Lordstown’s Electric-Truck Orders Were Vague

Also meme zombies, ESG investments and stock certificates.

Wouldn’t it be funny if all the electric-vehicle startups went public by merging with special purpose acquisition companies, and they all marketed themselves to investors using ridiculously optimistic financial projections predicting that they’d all make $10 billion of revenue in record time, and retail investors piled in to buy their stocks, and then all those projections came true and a dozen new electric-vehicle companies all became world-changing giants and the people who bought their SPACs all got rich? It would be weird, right? Like right now there is a gigantic successful high-profile electric-vehicle company in Tesla Inc., and there are a bunch of legacy automakers who know how to build cars and who are increasingly focused on building electric cars, and then there are like a dozen companies that have never built anything but have plans to build electric cars or vans or buses or trucks or whatever, and every one of them firmly believes that it will be somewhere between “the next Tesla” and “much bigger than Tesla.” And in 20 years I assume there will be an automotive industry, and it will be largely electrical, and there will be some small number of big competitors in that industry, and some of them will probably be currently existing legacy automakers, and one of them will probably be Tesla, and maybe one or two or … six? … of them will be companies in the recent crop of SPAC-funded electric-vehicle startups. But will Nikola Corp. and Fisker Inc. and Lordstown Motors Corp. and Canoo Inc. and Arrival Ltd. and Faraday & Future Inc. and Lion Electric Co. and Proterra Inc. and the electric-vehicle companies I’m forgetting, not to mention the flying-electric-vehicle companies, all be the next Tesla? Seems implausible.

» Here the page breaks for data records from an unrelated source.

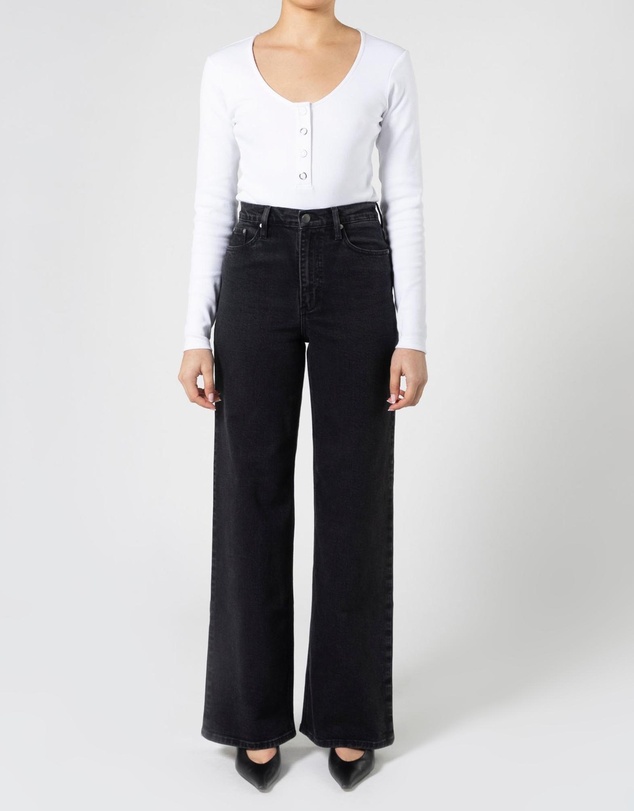 Nobody Denim - Milla Long Jeans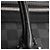 LOUIS VUITTON - Borsa da viaggio All day 50 Louis Vuitton in toile enduite damier graphite Nero - vista 9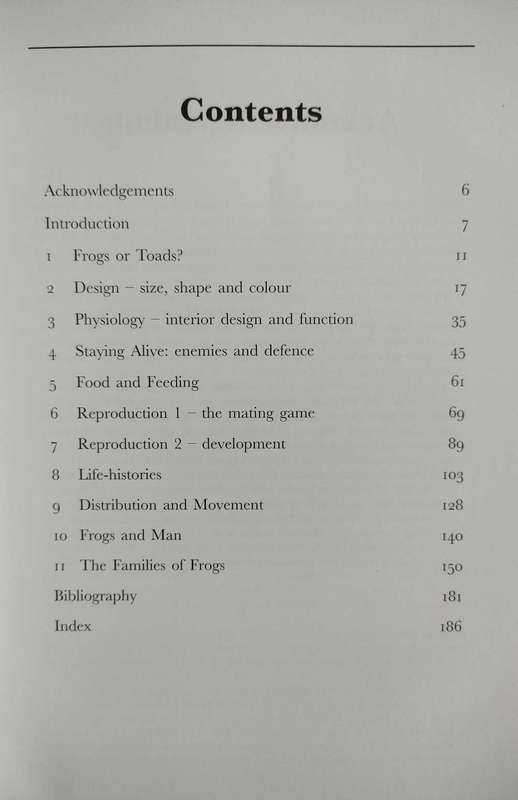 Frogs and Toads of the World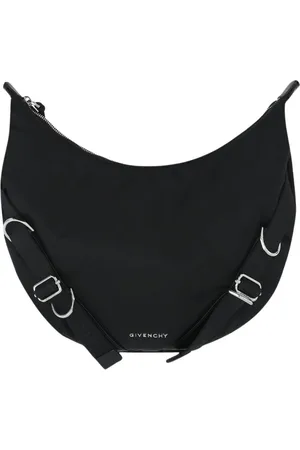 Givenchy Heren, Tassen, Zwart, Maat: ONE Size Nylon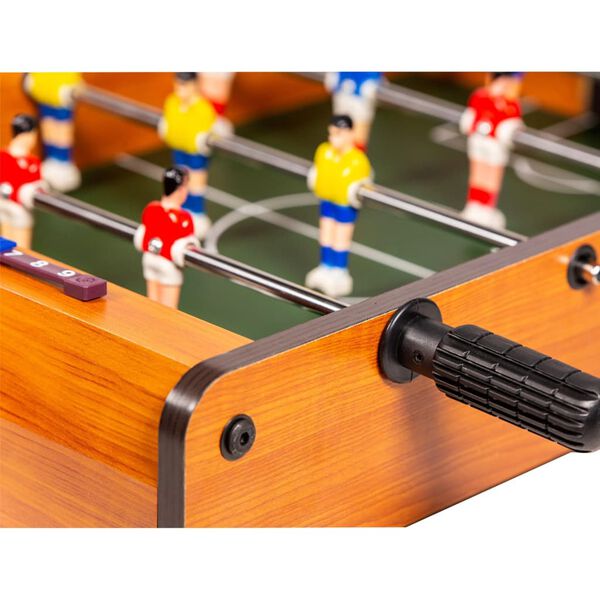 Van der Meulen Tischfu&szlig;ballspiel 51x31x10 cm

Some of these things are not going to work out.

And that’s fine, that’s life in capitalism; there is demand for electric vehicles and a bunch of people start electric-vehicle companies and some of them will be good at making electric vehicles and prosper and others of them will be bad at making electric vehicles and fail. And they all need lots of money to start making vehicles, so they all go to investors to ask for money, and they all say that they will be the good ones. Ex ante, no one goes to investors and says “there are like 12 electric-vehicle companies, and maybe three of them will work out, and we are not one of those, we are going to take all your money and noodle around for a while and then shrug and give up.” They all say that they will succeed! Because they all plan to succeed! They all say “the total addressable market for electric vehicles is one kajillion dollars and we will get 90% of it.” And if you add up all of their projected market shares you get, you know, 1,000% or whatever. And somebody — almost everybody — is wrong.